The house is designed and decorated in a tasteful, cozy, and elegant manner, and has a mid-century modern look. During the tour led by the lovely Arisa Cox—Big Brother Canada’s host—we are informed that there are only seven beds and fifteen houseguests, which leaves me wondering- just what are the producers trying to provoke? After all, everything in the Big Brother house is always done strategically, and with a purpose in mind. Perhaps they’re trying to provoke a turf war, and ignite drama from day one, as houseguests fight over who gets the luxury of sleeping on a bed, and who ends up on the couch—or worse, the floor. I imagine, considering how important sleep is, that this will be an ongoing drama. I have to admit that I’m curious to see how this drama will unfold as I tune in tonight at 9pm.
Indeed, the entire house seems to be designed to provoke conflict or drama on one level or another. Houseguests on Big Brother America live in hot Los Angeles during the summer months. In contrast, houseguests here in Canada get to live in sub-zero temperatures in the dead of a Canadian winter.
Although Big Brother houseguests in the United States sometimes swelter in the unyielding heat of a California summer, they have a fairly comfortable backyard equipped with a pool, a hot tub, workout area, etc. And even though they’re surrounded by, and enclosed in, large concrete walls (reminiscent of jail)—they still have a very nice, and large backyard to lounge in, and even get some space away from fellow houseguests. That backyard has helped lots of the US houseguests maintain their sanity during stressful times.
I feel sorry for Canadian Big Brother houseguests. Their outdoor space feels more like solitary confinement. Instead of a “backyard,” guests get a “deck” complete with a hot tub and towering concrete walls that seem to go on forever. The only positive thing in this picture is the hot tub.
But where are houseguests to go when their roommates are grating on their nerves? When they’re on the verge of breaking down and need some personal time alone to reflect? The answer is “nowhere”. There is literally nowhere they can be alone, gather their wits, and garner inner strength. Due to the frigid, wintery conditions, houseguests are less likely to want to spend time outdoors—unless they’re in the hot tub, which can only seat a few people at a time. Because the Canadians are forced to be inside more than their American counterparts—who get to lounge outside and soak up the California sunshine- Canadian houseguests are bound to feel cooped up and, consequently, grate on each other’s nerves. They will definitely feel more cramped and claustrophobic than American houseguests ever feel—and tensions are certain to rise throughout the season.

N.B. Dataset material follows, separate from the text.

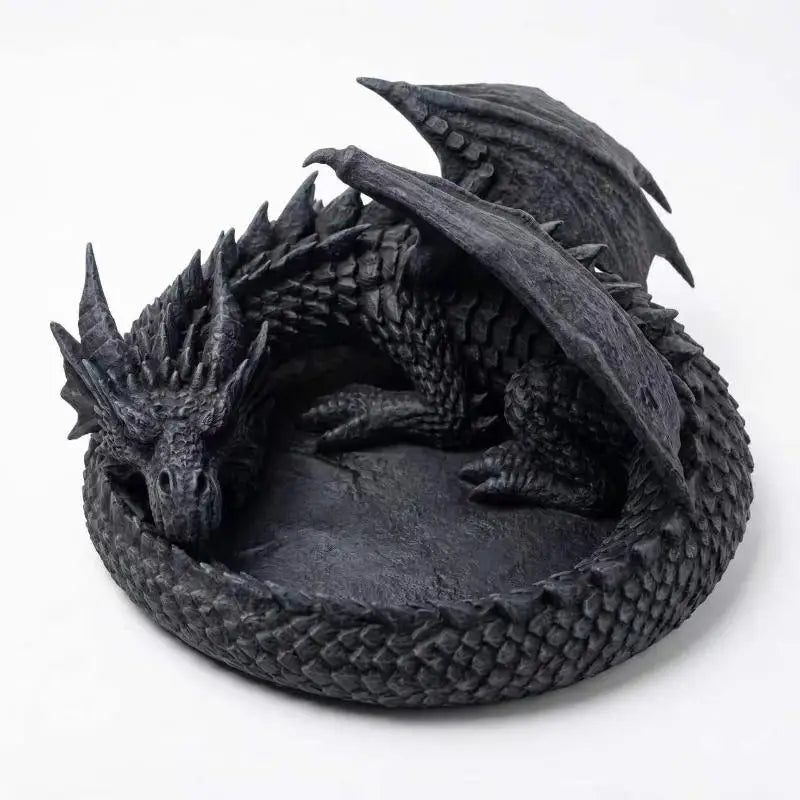 organisateur dragon blanc noir éclatées détails sculptés rangement bijoux fantaisie médiéval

Despite missing an outdoor workout area, a large pool table, patio with comfy lounge chairs, and a sizable yard to run around in (and to release tension in), Canadians still get a pool. The only caveat here is that the pool is part of their larger indoor living space. Therefore, most of the so-called, traditionally “outdoor” space is really “indoor” space—the pool is essentially an extension of their living quarters.
Maybe it’s only fitting that Big Brother Canada will take place during a quintessential Canadian winter. Perhaps this is what will make the show “really” Canadian, distinguishing it from its American counterpart. After all, we’re famous—or even infamous for—our cold, brutal winters.